ケーゲルの凄味は、第2楽章舞踏会でも戦慄もの。言葉が追い付かない。響きと音色が
もう狂っているとしか言いようがない。悪夢。テンションが違うという話ではなく、全
編ダークサイドなのだ。怖い怖い怖い 第3楽章野の風景の冒頭からのこのクソ真面目
な真摯さはなんだ? じっくり、じっとりと一音だに蔑ろにせず奏される様は、中間部
からの低弦の恐怖を弥増しにし、続く高弦の旋律は鳥肌ものである。それにしてもエク
セントリックな高低差。音量調整せずには聴けないほど。およそ描写性を度外視した野
の風景では、最後の雷鳴のティンパニが、断頭台を予兆して間然しない。耐えられない
ほど怖い! 超名演! とうとう第4楽章断頭台への行進。

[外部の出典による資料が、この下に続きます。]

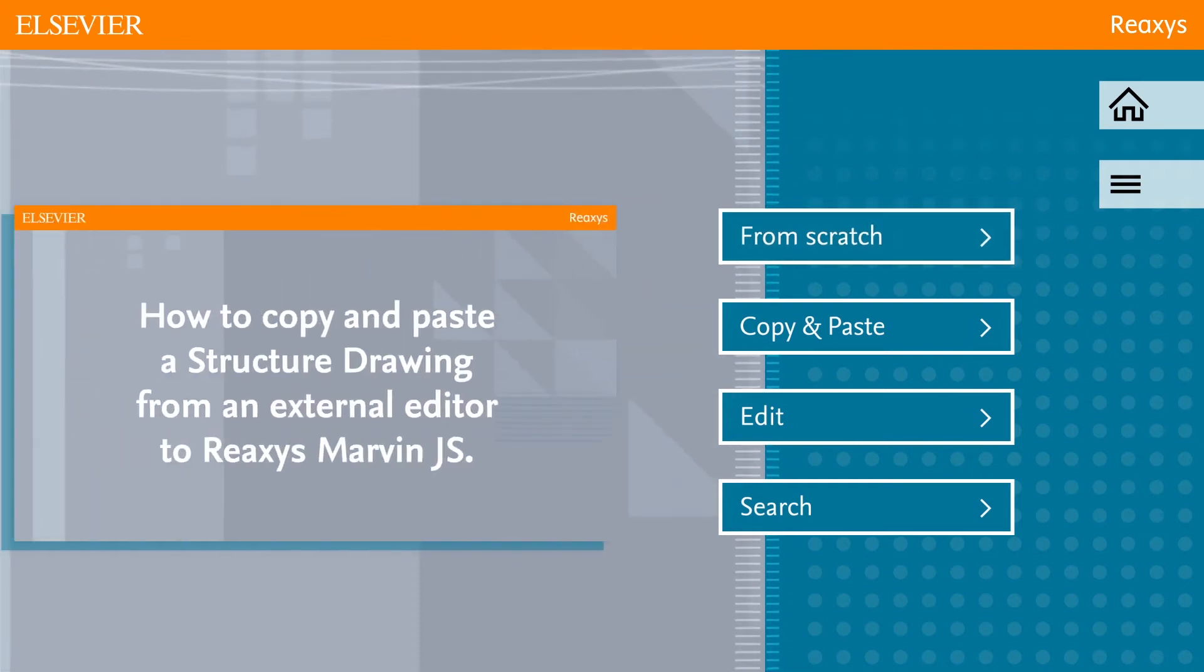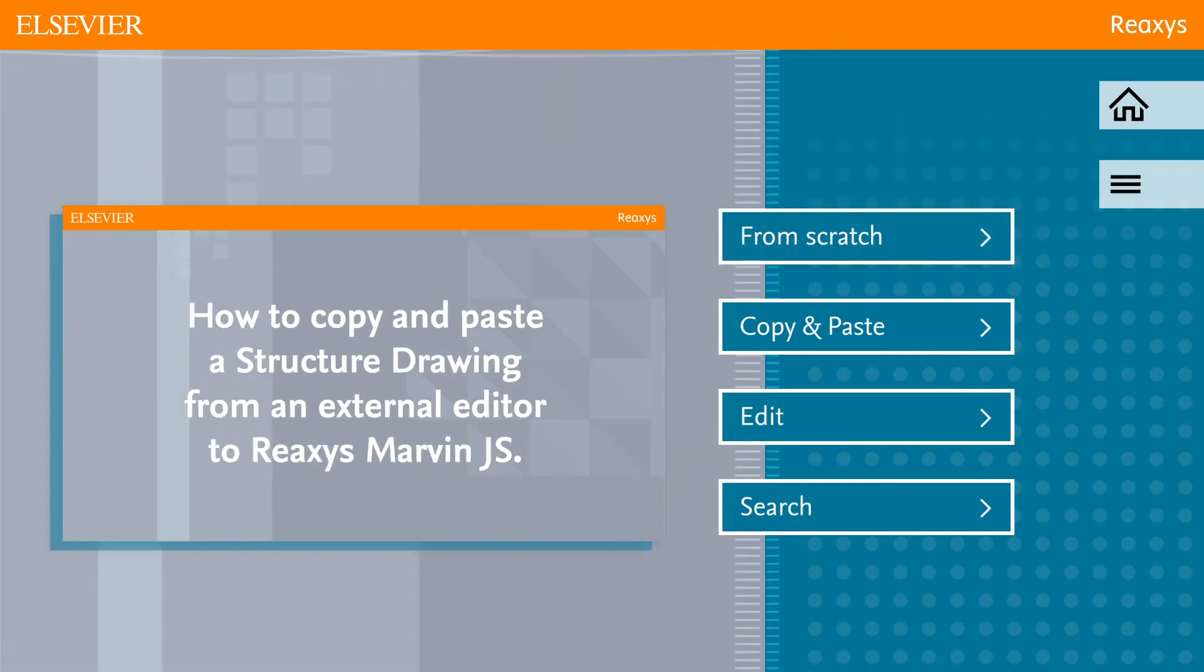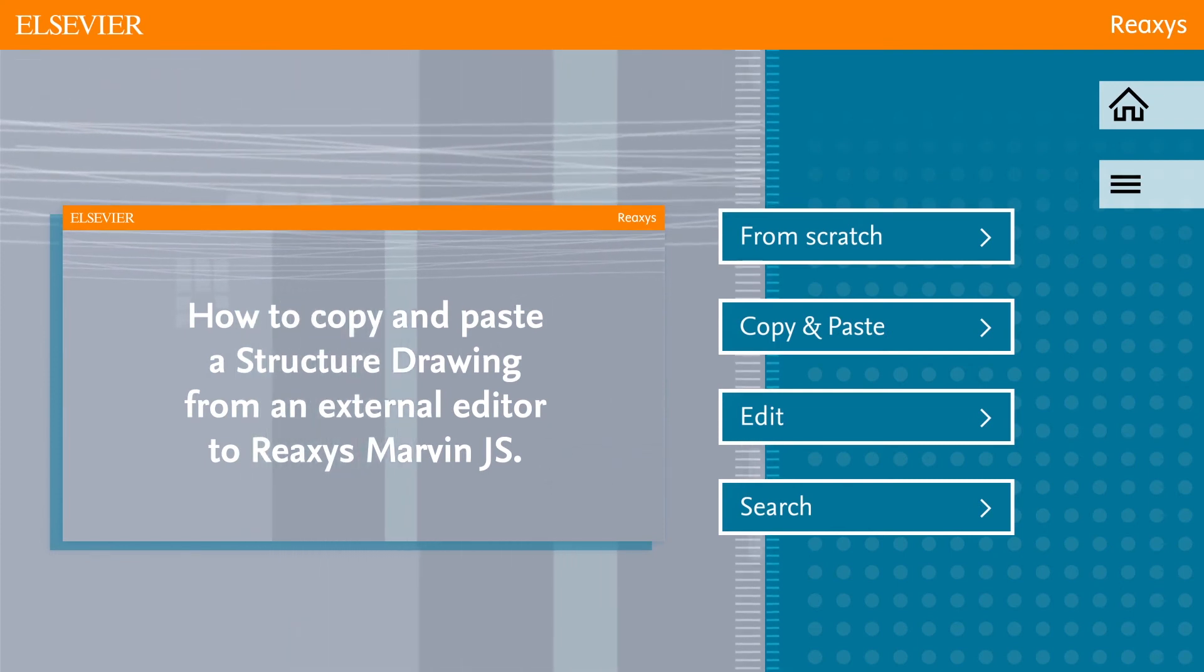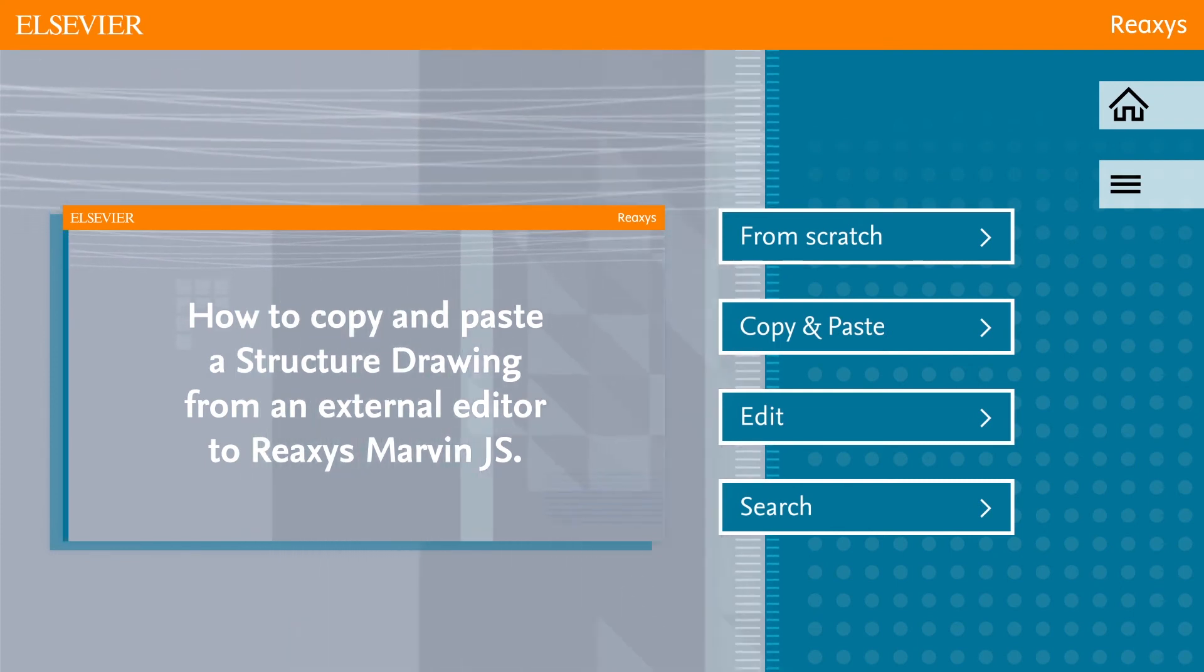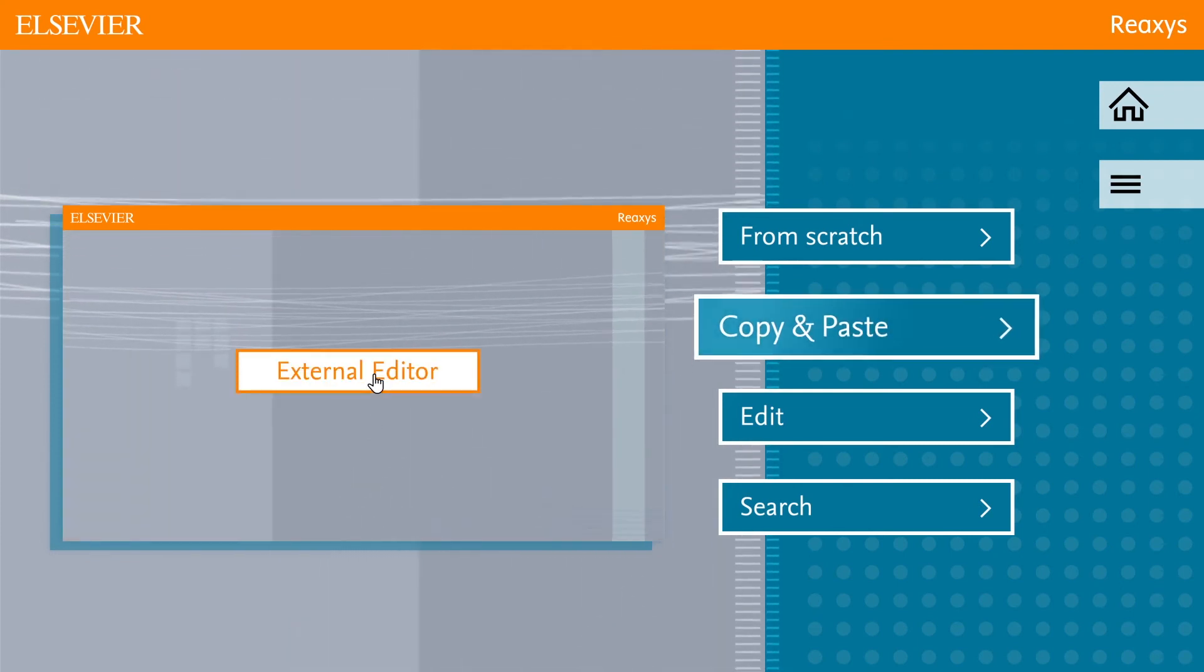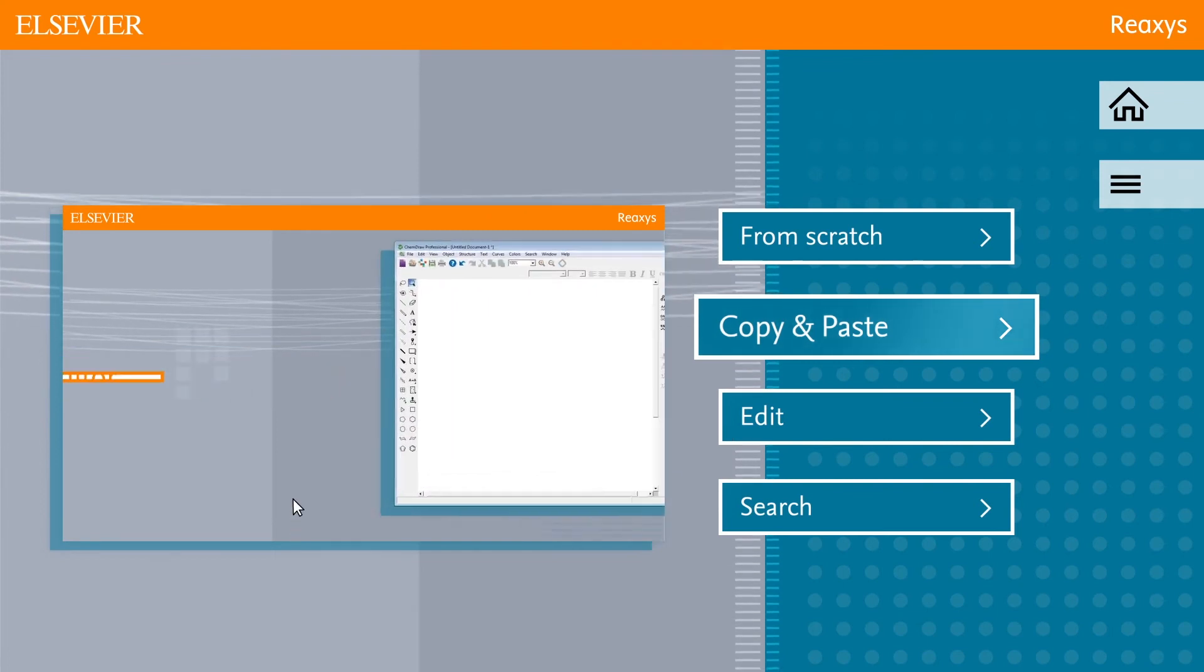Are you interested in copy-pasting a structure drawing from an external structure editor into MarvinJS within Reaxis? Click Copy and Paste.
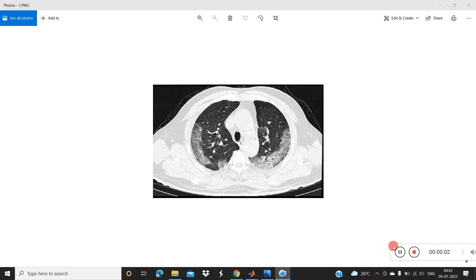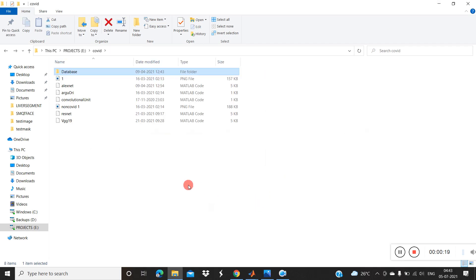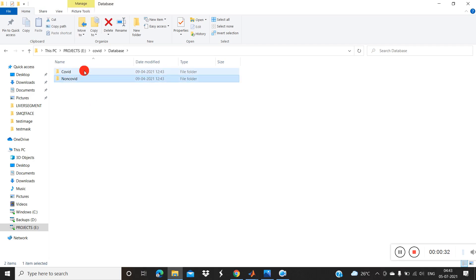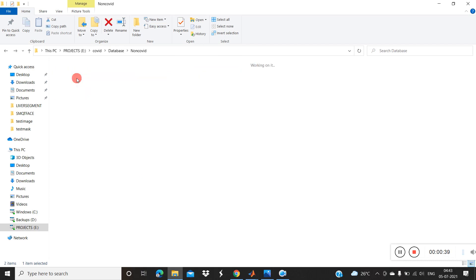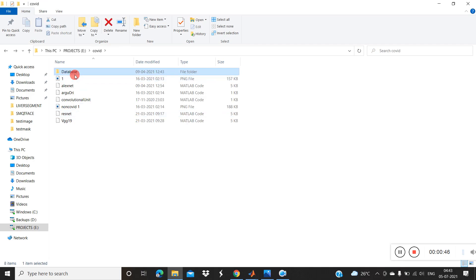Hi guys, today I'm going to show you how to classify COVID samples from lung CT images with the help of a convolutional neural network. First, create one folder and rename it as 'database'. Inside that folder, create two more folders and rename them as 'COVID' and 'non-COVID'. Collect the COVID images and keep them inside the COVID folder, and collect some non-COVID images and keep them inside the non-COVID folder.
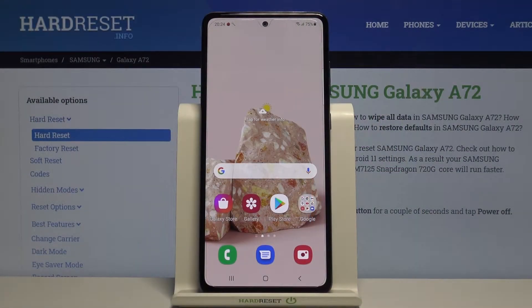Hi and welcome! In today's video I'll be showing you how to disable the Google Assistant on Samsung Galaxy A72.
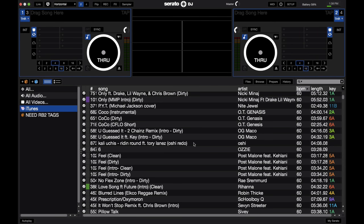Okay now let's go over the library functions in Serato DJ. First, on this left hand side, you'll see all the places where you can find music in your library.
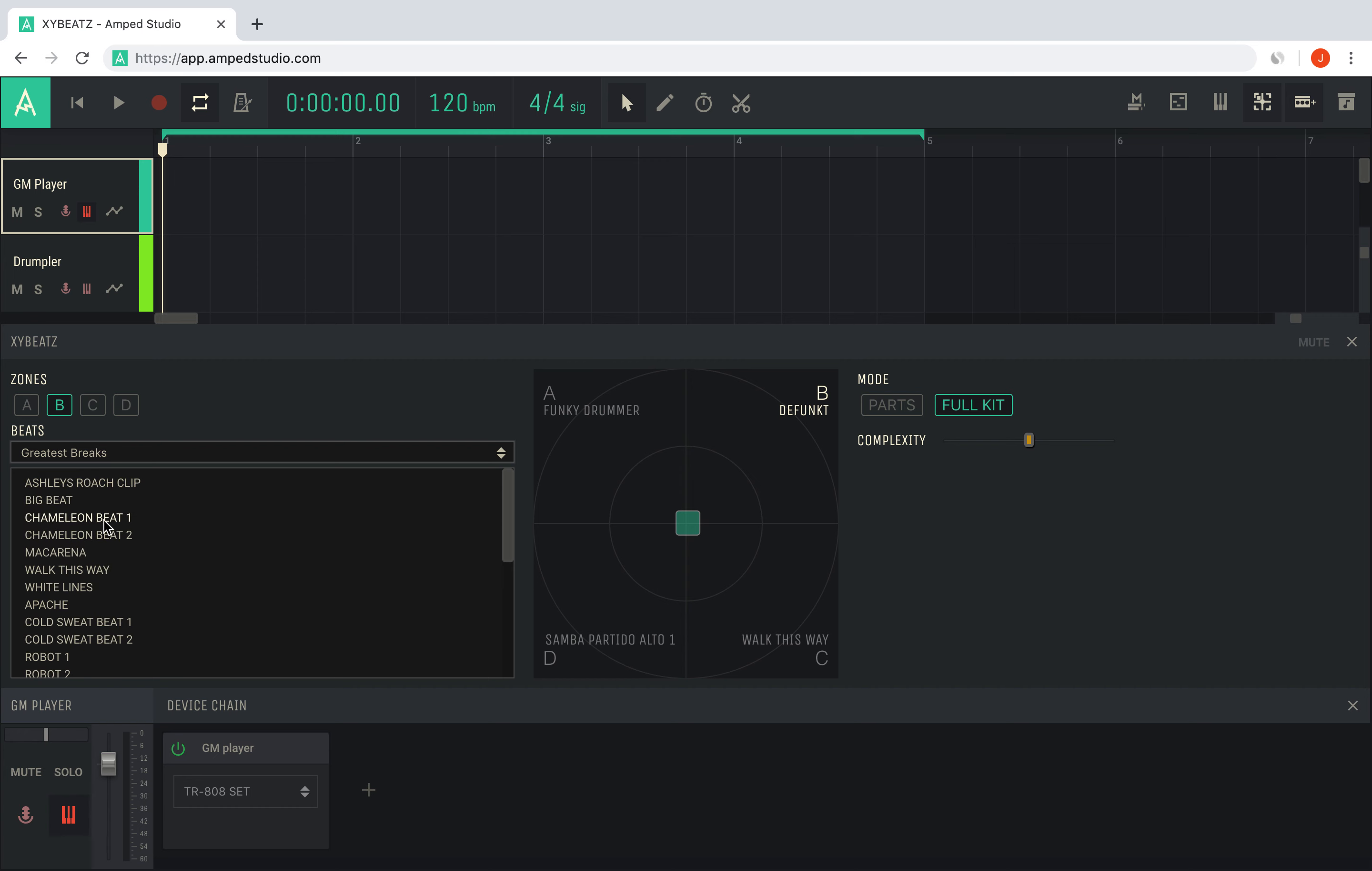Setting the XY pad to one corner will play only that beat, and the more you drag it in between zones, the more it will blend between them.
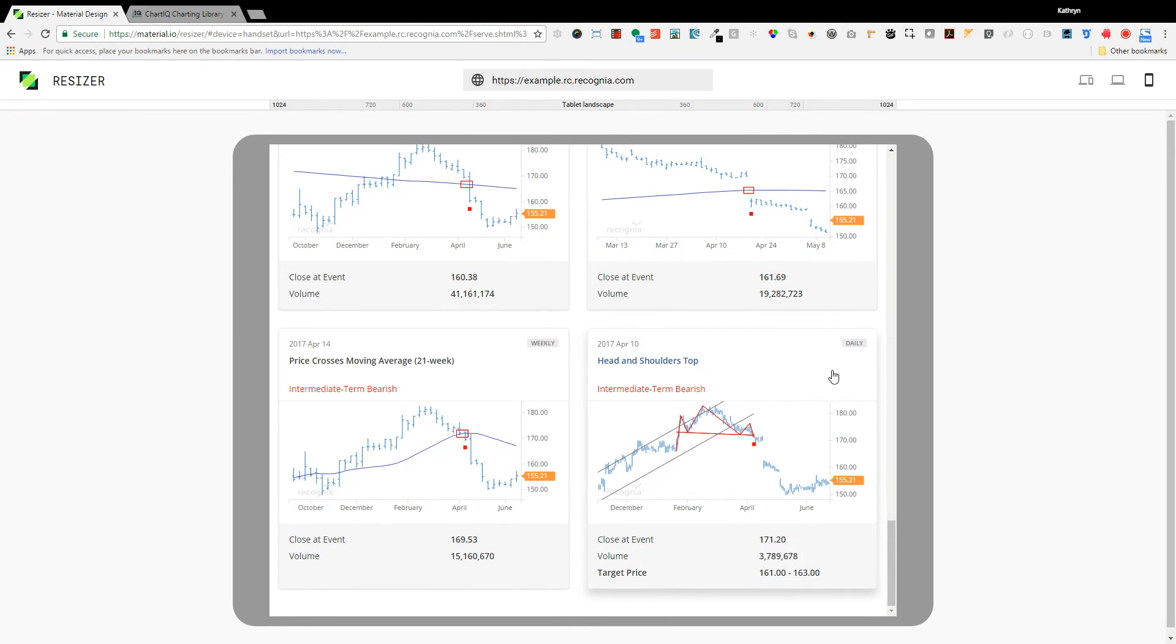The stock has made three successive rallies, one, two, three, before finally dropping below what we call the neckline of the pattern.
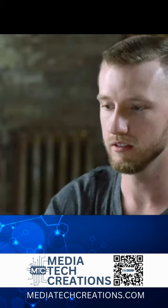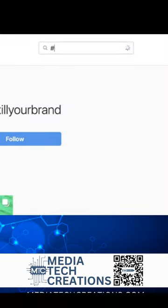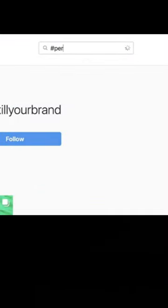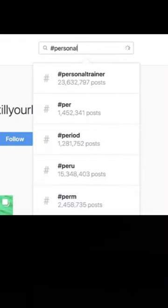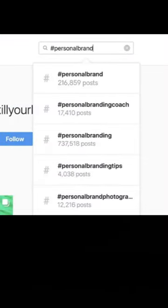How about just 'personal brand'? So this way you're seeing how many posts are out there with this.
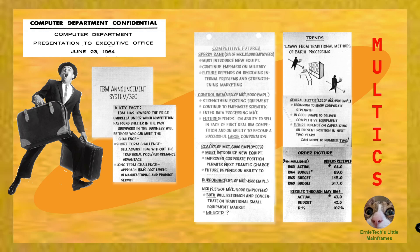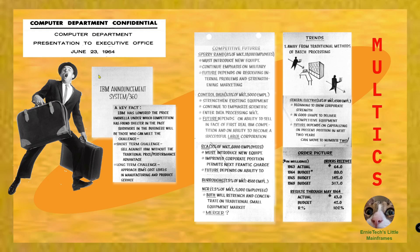This is an interesting one. These are little snippets from a presentation to the executive office of General Electric back in June of 64. It was responding to market changes. From what I gathered, the big fear was the announcement of the System 360 from IBM, hence the frightened salesman.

冒頭、明らかにケーゲルは抑
制している。ミュンシュであれば爆発的効果を狙うところ、ケーゲルは先を見ている。
ほとんど然り気無いまでのクールさで、疾走するわけでもなく、最後のティンパニも、
何とフォルティッシモに至らない!! 終楽章ワルプルギスの夜の夢。これまたネチネ
チ、ジットリと描く。淫靡な楽しみであるが如く
に。そして将に梵鐘そのものが鈍く鳴り出す。これは異形である! 指揮者は当然、敢
えてこの鈍い音を要求しているのである。第1楽章の恐怖が甦る。第2、3楽章の狂気
が帰ってくる… そして怒りの日が聞こえ出すと、テンポはさらに踏み締められ、着実
に決して急がず、この狂気のすべてを開陳すべく、ただそれだけを果たすために終結を
目指す。第1楽章にすべてがある、そう納得させる面妖かつ凄絶なる名演! 以上、ケ
ーゲルの幻想交響曲は大音量で聴くべきである。しかし、恐らくそれは可能ではなかろ
う。恐怖と物理的問題によって。ディスクを演奏が完全にはみ出している。